◆ **Data shown**:
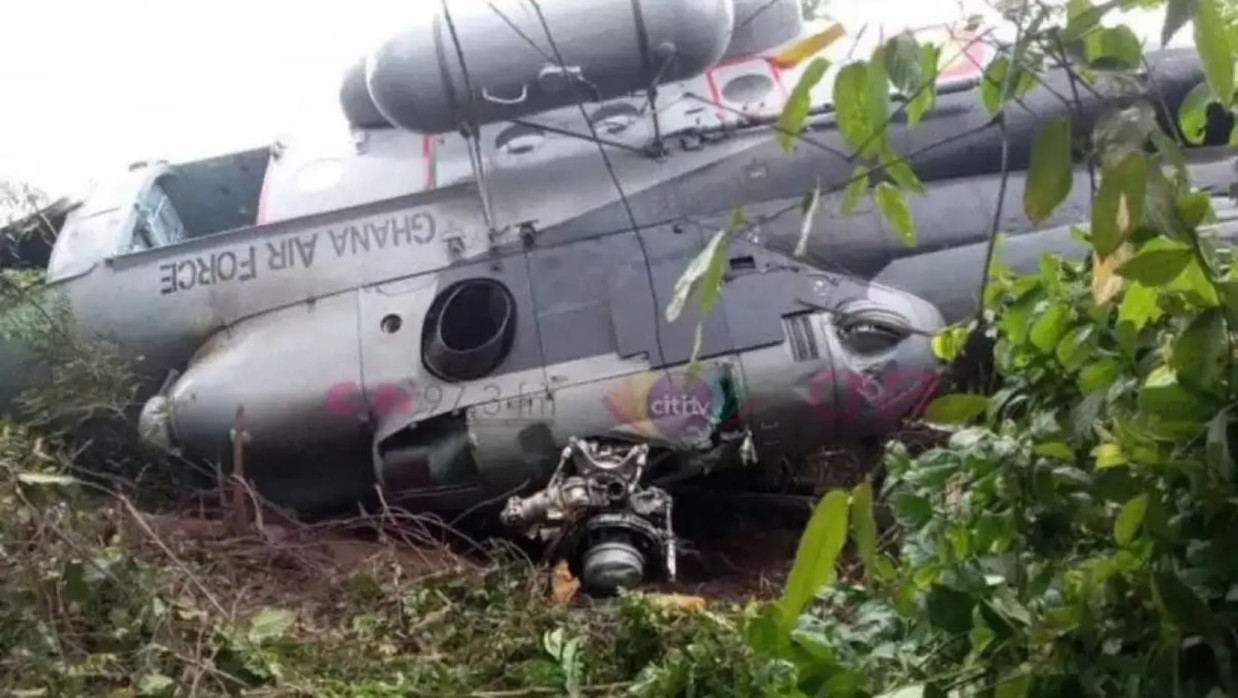 সামরিক হেলিকপ্টার বিধ্বস্ত হয়ে নিহত ৮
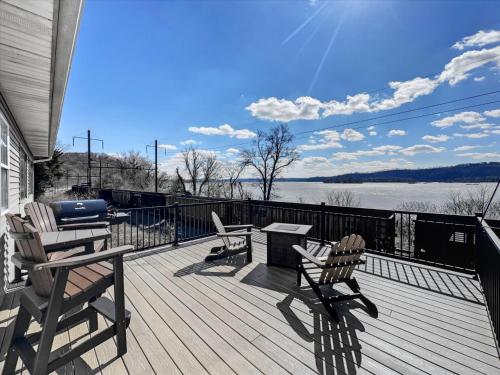 Susquehanna Riverside Condo by Leavetown Vacations
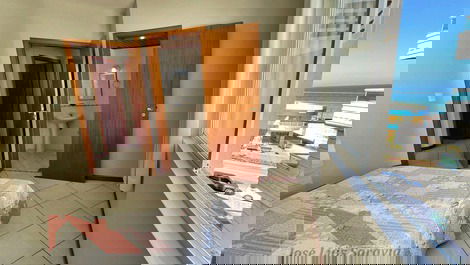 Apartamento con vista al mar a 50 metros de la playa Bombas para 6 personas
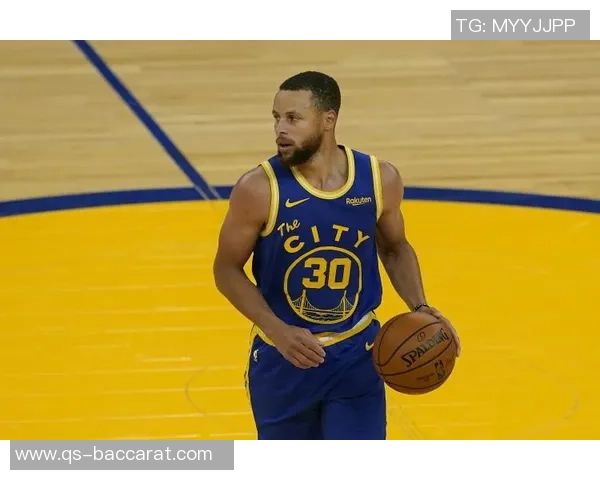 张佳玮解析库里魔球魅力科尔战术智慧超越米奇对文班的运用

◆ **Instructions to follow**:
If the data includes images, skip them and copy every line exactly.

◆ **Solved exercise**:
 সামরিক হেলিকপ্টার বিধ্বস্ত হয়ে নিহত ৮
 Susquehanna Riverside Condo by Leavetown Vacations
 Apartamento con vista al mar a 50 metros de la playa Bombas para 6 personas
 张佳玮解析库里魔球魅力科尔战术智慧超越米奇对文班的运用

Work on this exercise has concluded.